Monday, March 15, 2010

Tea production is starting to get around


t2 reader Lucia, in Rome, forwarded some interesting information this weekend about tea being grown in Italy. I knew that tea was grown commercially in the Azores, just off the coast of Portugal, and that used to be the only production of tea within Europe. But now there are experiments to grow tea in England, and apparently they've been dabbling in tea nurseries for centuries in Italy. This article and this one (both PDFs) tell the tale of tea in Tuscany. More info here, too. (Thanks, Lucia!)

Tea production in the United States is active mostly at the Bigelow plantation in South Carolina and numerous new small growers in Hawaii. Some folks have even tried growing it in Washington state.
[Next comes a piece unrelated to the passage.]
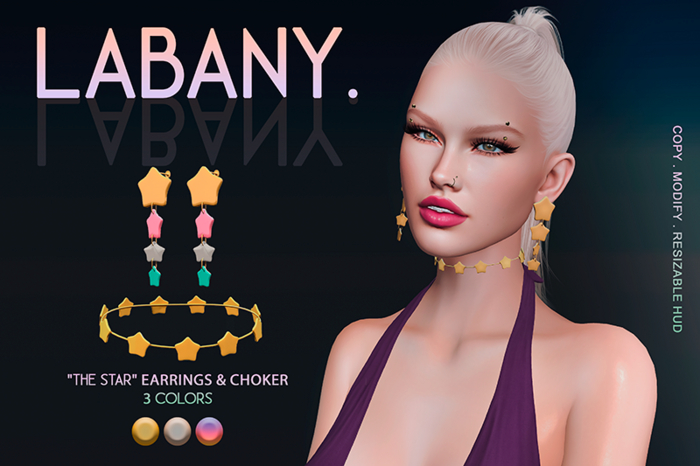Labany. "The stars" Set accessories - Silver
The postscript of Sarah Rose's new book about Robert Fortune's tea travels includes the fact that, in his later years, he was briefly employed by the U.S. government in 1857 to assess whether or not tea could grow here. He considered sites in Virginia, the Appalachias and the Carolinas. He then traveled back to China for tea seeds, which he sent to the U.S. Patent Office. They then fired him, thinking they could pursue the matter themselves. But the Civil War interrupted the research. "Although there were a few more attempts at establishing an American tea industry," Rose reports, "it died stillborn."